Segundo Mathieu Rigouste (5) o conceito de inimigo interno data dessa época e está vinculado à presença de uma emigração importante surgida da colonização. «A história do controle da emigração no pensamento militar francês permite analisar, estudando a reconstrução de um inimigo interno socio-étnico, a recriação e depois a generalização no tempo e espaço de uma tecnologia concebida para efectuar um controle excepcional de populações consideradas inferiores».

Como reacção ao atentado de Niza (França) de Julho de 2016, Georges Fenech, presidente da comissão de investigação parlamentar sobre os atentados de 2015 pediu a criação de um «Guantanamo à francesa». Propôs reunir todos os jiadistas que voltavam da Síria no centro penitenciário da ilha de Re.

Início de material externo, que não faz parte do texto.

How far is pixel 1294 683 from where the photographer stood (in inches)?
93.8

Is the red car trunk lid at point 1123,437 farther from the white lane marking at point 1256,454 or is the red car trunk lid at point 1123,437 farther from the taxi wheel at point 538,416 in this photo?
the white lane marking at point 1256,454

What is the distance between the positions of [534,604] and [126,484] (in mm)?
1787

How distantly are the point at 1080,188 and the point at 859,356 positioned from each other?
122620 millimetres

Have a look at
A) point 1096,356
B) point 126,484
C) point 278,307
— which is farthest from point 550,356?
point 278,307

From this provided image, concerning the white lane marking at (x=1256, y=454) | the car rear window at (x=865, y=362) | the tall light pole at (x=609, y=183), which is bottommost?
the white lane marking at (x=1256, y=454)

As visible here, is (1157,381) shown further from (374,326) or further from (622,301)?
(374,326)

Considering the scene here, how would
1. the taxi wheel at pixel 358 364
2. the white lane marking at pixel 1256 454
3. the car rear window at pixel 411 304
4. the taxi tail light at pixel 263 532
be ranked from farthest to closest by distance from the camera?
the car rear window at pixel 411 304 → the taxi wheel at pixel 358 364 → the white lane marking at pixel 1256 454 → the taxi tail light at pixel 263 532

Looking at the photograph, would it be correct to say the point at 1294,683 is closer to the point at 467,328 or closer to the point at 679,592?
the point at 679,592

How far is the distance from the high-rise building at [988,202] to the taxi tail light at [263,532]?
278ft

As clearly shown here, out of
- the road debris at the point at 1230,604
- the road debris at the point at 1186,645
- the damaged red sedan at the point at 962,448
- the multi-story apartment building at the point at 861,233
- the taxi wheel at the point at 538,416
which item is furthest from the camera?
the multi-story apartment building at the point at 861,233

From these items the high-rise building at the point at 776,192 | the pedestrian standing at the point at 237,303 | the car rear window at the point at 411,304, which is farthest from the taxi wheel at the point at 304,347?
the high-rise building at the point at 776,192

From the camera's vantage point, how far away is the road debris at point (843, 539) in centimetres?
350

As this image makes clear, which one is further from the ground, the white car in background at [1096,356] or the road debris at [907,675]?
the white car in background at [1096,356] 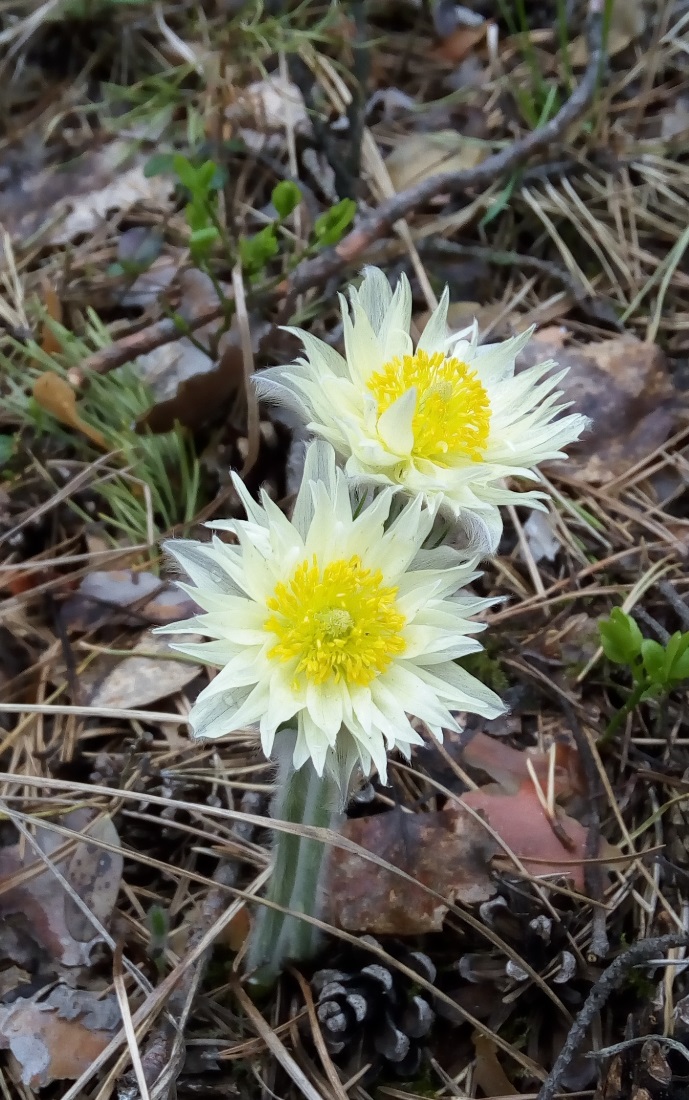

Essa ideia que provocou muita polémica, funde as suas raízes na guerra da Argélia durante a qual o governo francês desenvolveu campos de reagrupamento» destinados aos resistentes da FNL para impedi-los de receber qualquer tipo de apoio por parte da população argelina. Só falta introduzir oficialmente a tortura na França para completar o regresso ao passado. Por outro lado, este debate delirante já se dá no seio da Frente Nacional: reintroduzir a tortura ou aplicar a pena de morte para Salam Abdesiam, tudo pode acontecer.

Assassinatos políticos em grande escala

A história «pacífica» da França não se limita às guerras. A pátria autoproclamada dos direitos humanos também desenrolou uma tradição importante de assassinatos políticos exterminando dirigentes nacionalistas da África e do Magreb. No livro «Devolvam as espingardas» Jean Ziegler dedica um capítulo às campanhas de assassinatos políticos organizados pelos serviços secretos europeus e analisa o caso dos Camarões. 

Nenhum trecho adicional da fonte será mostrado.